Je weniger Papiere sie haben, desto größer ist die Abhängigkeit. Vor allem Haushaltshilfen ohne Aufenthaltsrecht arbeiten unter miesen Arbeitsbedingungen, machen unbezahlte Überstunden, sind sexuellen Belästigungen ausgesetzt und bekommen oft weniger als fünf Euro pro Stunde.

Die »Schwarzarbeit«, die mit den Minijobs bekämpft werden soll, ist zu einem nicht geringen Teil die Überlebenspraxis illegalisierter Menschen, von deren Existenz hierzulande beredt geschwiegen wird. Wenn wegen der steuerbegünstigten Minijobs die Konkurrenz steigt, werden diese Frauen zu noch schlechteren Bedingungen in den Haushalten arbeiten, sie haben keine Wahl.
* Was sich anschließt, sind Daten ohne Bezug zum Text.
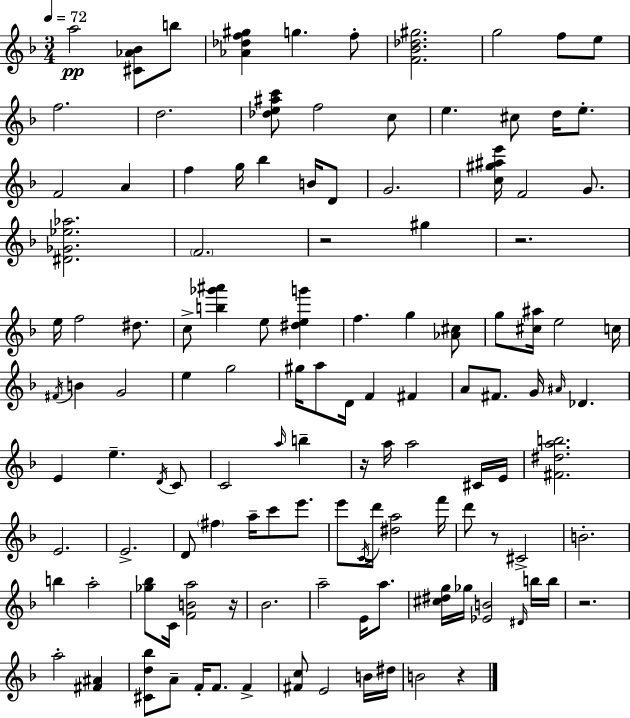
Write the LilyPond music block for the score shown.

{
  \clef treble
  \numericTimeSignature
  \time 3/4
  \key f \major
  \tempo 4 = 72
  a''2\pp <cis' aes' bes'>8 b''8 | <aes' des'' f'' gis''>4 g''4. f''8-. | <f' bes' des'' gis''>2. | g''2 f''8 e''8 | \break f''2. | d''2. | <des'' e'' ais'' c'''>8 f''2 c''8 | e''4. cis''8 d''16 e''8.-. | \break f'2 a'4 | f''4 g''16 bes''4 b'16 d'8 | g'2. | <c'' gis'' ais'' e'''>16 f'2 g'8. | \break <dis' ges' ees'' aes''>2. | \parenthesize f'2. | r2 gis''4 | r2. | \break e''16 f''2 dis''8. | c''8-> <b'' ges''' ais'''>4 e''8 <dis'' e'' g'''>4 | f''4. g''4 <aes' cis''>8 | g''8 <cis'' ais''>16 e''2 c''16 | \break \acciaccatura { fis'16 } b'4 g'2 | e''4 g''2 | gis''16 a''8 d'16 f'4 fis'4 | a'8 fis'8. g'16 \grace { ais'16 } des'4. | \break e'4 e''4.-- | \acciaccatura { d'16 } c'8 c'2 \grace { a''16 } | b''4-- r16 a''16 a''2 | cis'16 e'16 <fis' dis'' a'' b''>2. | \break e'2. | e'2.-> | d'8 \parenthesize fis''4 a''16-- c'''8 | e'''8. e'''8 \acciaccatura { c'16 } d'''16 <dis'' a''>2 | \break f'''16 d'''8 r8 cis'2-> | b'2.-. | b''4 a''2-. | <ges'' bes''>8 c'16 <f' b' a''>2 | \break r16 bes'2. | a''2-- | e'16 a''8. <cis'' dis'' g''>16 ges''16 <ees' b'>2 | \grace { dis'16 } b''16 b''16 r2. | \break a''2-. | <fis' ais'>4 <cis' d'' bes''>8 a'8-- f'16-. f'8. | f'4-> <fis' c''>8 e'2 | b'16 dis''16 b'2 | \break r4 \bar "|."
}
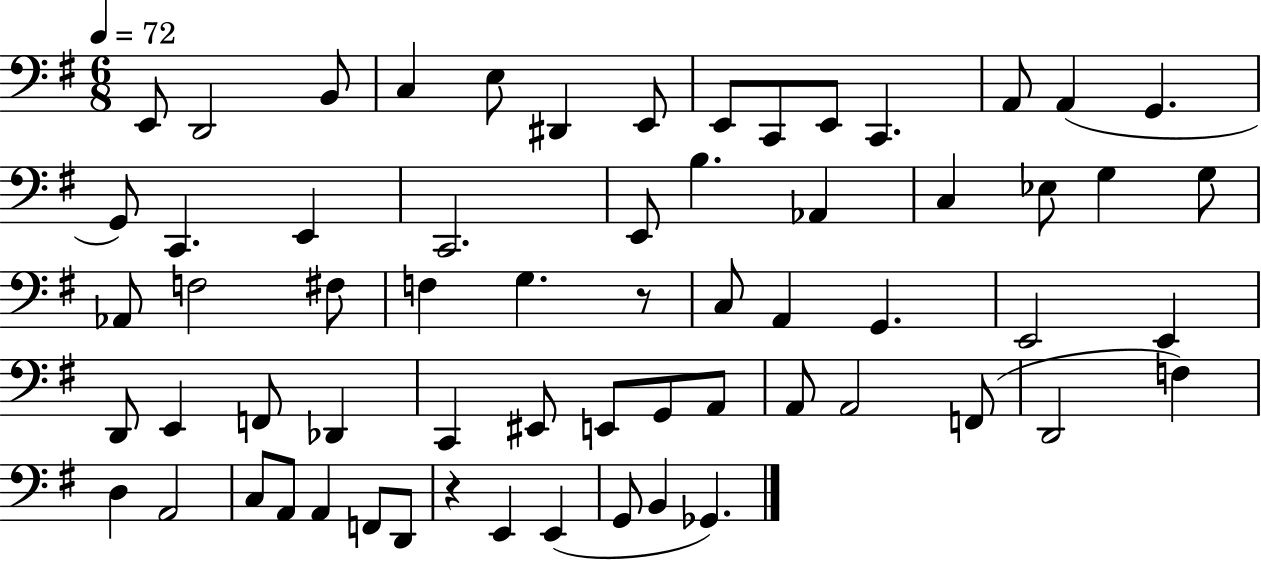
X:1
T:Untitled
M:6/8
L:1/4
K:G
E,,/2 D,,2 B,,/2 C, E,/2 ^D,, E,,/2 E,,/2 C,,/2 E,,/2 C,, A,,/2 A,, G,, G,,/2 C,, E,, C,,2 E,,/2 B, _A,, C, _E,/2 G, G,/2 _A,,/2 F,2 ^F,/2 F, G, z/2 C,/2 A,, G,, E,,2 E,, D,,/2 E,, F,,/2 _D,, C,, ^E,,/2 E,,/2 G,,/2 A,,/2 A,,/2 A,,2 F,,/2 D,,2 F, D, A,,2 C,/2 A,,/2 A,, F,,/2 D,,/2 z E,, E,, G,,/2 B,, _G,,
Mag ein Minijob im Einzelfall eine geringfügige Verbesserung der bisher völlig unabgesicherten Beschäftigung darstellen, verschlechtert er strukturell die Lage der Betroffenen: die der Minijobberinnen selbst, die sich auf dem deregulierten Arbeitsmarkt verdingen müssen, der ausgebildeten Fachkräfte, die sich der billigen Konkurrenz ausgesetzt sehen, und der Frauen, denen schlicht keine Alternative zur »Schwarzarbeit« bleibt.

Gesamtgesellschaftlich gesehen, trägt der konsequent an den Bedürfnissen der Arbeitgeber ausgerichtete Minijob zur Institutionalisierung einer Dienstbotenklasse bei, die angesichts des technisierten Haushalts im 21. Jahrhundert anachronistischer denn je erscheint.